This paper aims to propose a more accurate and efficient action recognition method, which can reduce the computational complexity as much as possible while ensuring recognition accuracy. Our work is inspired by the above works. Firstly, we divide the feature maps into multiple windows along the spatial dimensions and calculate the attention inside the windows, respectively. Unlike Swin [22], which divides the windows along the spatiotemporal dimensions, we only divide the windows along the spatial dimensions, which further reduces the computational complexity. This method also brings the problem of a limited perceptual field of the model; that is, the model can only represent and reinforce the information inside each window and lacks the ability to mine long-distance dependencies. Therefore, we consider that features extracted from different dimensions may help to solve this problem. In traditional attention calculations [16], each feature in the spatiotemporal dimensions is called a spatiotemporal token, which has complete channel information. Thus, if we transpose the dimensions of the feature maps, that is, each feature in the channel dimension is called a channel token, which contains complete spatiotemporal information. As shown in Figure 1, we divide the feature maps along the spatial and channel dimensions to obtain the Spatial-Windows token and Channel token, respectively. After the Spatial-Windows attention calculation, we use the Channel token for attention calculation, which we call Linear attention, so as to supplement the model’s ability to represent global information. Different from some of the previous Linear attention methods, we still follow the self-attention without introducing other additional operations to the calculation process. To intuitively represent the logical positional relationship between Spatial-Windows attention and Linear attention, other modules between the two attentions are omitted.

While such a method is theoretically feasible, there are still some challenges to overcome.

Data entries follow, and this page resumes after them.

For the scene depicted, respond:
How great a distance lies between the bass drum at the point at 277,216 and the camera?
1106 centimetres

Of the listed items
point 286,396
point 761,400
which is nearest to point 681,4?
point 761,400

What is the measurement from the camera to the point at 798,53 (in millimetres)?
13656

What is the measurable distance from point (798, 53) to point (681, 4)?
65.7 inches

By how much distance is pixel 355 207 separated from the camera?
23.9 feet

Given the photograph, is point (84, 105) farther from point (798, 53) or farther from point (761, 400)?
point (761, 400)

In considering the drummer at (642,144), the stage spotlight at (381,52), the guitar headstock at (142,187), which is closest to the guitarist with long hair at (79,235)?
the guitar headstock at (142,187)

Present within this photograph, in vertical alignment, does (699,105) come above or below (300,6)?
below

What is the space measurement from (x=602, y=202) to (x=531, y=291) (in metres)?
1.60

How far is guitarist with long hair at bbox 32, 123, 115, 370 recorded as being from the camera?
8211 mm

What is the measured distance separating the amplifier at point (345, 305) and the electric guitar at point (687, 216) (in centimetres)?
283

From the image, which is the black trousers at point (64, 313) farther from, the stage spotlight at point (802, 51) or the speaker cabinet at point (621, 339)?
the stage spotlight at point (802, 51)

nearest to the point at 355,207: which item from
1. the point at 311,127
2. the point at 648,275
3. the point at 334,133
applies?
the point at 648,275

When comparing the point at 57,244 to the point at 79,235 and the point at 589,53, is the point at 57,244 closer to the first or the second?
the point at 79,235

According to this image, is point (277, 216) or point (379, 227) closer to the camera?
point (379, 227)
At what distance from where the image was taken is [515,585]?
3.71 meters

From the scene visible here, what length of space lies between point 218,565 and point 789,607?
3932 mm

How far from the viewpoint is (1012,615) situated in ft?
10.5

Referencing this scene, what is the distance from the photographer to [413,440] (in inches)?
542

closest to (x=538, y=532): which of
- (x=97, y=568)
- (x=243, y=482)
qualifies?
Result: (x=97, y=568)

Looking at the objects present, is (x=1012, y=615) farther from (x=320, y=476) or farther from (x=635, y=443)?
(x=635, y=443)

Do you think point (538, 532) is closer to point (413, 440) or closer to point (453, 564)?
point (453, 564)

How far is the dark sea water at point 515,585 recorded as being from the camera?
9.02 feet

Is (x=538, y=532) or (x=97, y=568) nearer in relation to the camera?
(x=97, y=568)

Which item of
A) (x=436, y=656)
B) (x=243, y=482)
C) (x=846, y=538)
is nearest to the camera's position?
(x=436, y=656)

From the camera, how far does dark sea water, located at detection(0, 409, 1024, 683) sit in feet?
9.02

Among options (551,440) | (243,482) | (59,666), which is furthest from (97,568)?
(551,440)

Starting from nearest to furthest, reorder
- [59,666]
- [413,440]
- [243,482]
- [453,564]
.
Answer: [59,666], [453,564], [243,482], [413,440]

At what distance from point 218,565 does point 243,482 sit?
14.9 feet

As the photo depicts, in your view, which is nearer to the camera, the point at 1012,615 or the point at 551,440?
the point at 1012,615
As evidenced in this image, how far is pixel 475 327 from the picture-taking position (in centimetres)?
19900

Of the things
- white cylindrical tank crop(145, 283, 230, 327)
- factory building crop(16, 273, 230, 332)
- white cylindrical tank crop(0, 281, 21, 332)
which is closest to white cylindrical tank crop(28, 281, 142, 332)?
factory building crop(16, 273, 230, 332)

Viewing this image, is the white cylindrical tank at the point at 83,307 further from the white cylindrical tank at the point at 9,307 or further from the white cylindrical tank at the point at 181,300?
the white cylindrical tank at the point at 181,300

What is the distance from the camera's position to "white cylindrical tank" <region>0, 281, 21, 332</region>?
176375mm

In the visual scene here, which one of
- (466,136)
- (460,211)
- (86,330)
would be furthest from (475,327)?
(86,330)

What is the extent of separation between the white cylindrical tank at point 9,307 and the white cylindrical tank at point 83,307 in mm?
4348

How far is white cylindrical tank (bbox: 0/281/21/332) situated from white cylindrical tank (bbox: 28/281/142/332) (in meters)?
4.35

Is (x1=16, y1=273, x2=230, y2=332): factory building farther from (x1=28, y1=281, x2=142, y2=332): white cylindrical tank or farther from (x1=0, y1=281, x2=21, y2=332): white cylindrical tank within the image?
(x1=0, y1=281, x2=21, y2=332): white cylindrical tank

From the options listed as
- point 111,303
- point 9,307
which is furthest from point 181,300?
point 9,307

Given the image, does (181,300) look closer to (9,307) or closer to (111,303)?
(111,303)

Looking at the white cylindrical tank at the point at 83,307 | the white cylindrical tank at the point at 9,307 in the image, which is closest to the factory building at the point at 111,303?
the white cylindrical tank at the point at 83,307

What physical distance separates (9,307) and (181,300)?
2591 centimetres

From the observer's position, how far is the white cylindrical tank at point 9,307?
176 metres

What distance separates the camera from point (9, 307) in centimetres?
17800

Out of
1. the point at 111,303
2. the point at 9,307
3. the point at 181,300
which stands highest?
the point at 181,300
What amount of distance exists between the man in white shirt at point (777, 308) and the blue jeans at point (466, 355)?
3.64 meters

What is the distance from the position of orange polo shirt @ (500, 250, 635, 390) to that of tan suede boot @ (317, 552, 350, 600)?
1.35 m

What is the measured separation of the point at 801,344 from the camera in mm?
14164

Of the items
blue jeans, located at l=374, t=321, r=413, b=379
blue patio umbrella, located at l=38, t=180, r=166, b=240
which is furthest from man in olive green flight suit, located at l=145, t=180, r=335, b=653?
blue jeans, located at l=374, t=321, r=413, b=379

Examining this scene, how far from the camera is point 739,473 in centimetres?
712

In the calculation of attention, the Spatial-Windows/Channel token takes the channel/spatiotemporal dimensions as the hidden dimensions, and the complete channel/spatiotemporal information of a Spatial-Windows/Channel token is compressed into a single value after matrix multiplication during the calculation. This means that channel/spatiotemporal information is naturally lost in complex operations. Therefore, as shown in Figure 1, we use two kinds of attention alternately to compensate for the lost information in the spatiotemporal and channel dimensions.

To summarize, the main contributions of this article are as follows:

(1): We propose a complementary framework of Windows and Linear Transformer (WLiT), which ensures the ability of the model to capture global information while achieving efficient action recognition.
(2): We present the Spatial-Windows attention module that only divides the feature maps along the spatial dimensions, which further reduces the computational complexity.
(3): We fully analyze and discuss the computational complexity of the attention mechanism, and theoretically prove our method.
(4): We conduct a lot of experiments to verify our method. On the SSV2 dataset, our method achieves higher accuracy than the SOTA method while having less computational complexity.

This paper consists of five parts: The first part is the introduction, which introduces the action recognition task and the mainstream methods in this field and summarizes the methodological basis and main contributions of our study. The second part introduces some work related to our research and describes the problems and optimization possibilities of the previous methods in detail. The third part describes our research method particularly, not only introducing the overall structure of the method but also fully interpreting each part of the model. The fourth part first introduces the dataset selected in this paper and the relevant experimental details and then shows sufficient experimental results to prove the reliability of our research. The last part summarizes the content of the full text and puts forward possible directions for further research.

2. Related Works

The mainstream methods of action recognition can be divided into two categories according to the order of development, namely convolution-based methods and Transformer-based methods. To describe our work more clearly, we will also briefly describe the basic Transformer structure and self-attention in the second part.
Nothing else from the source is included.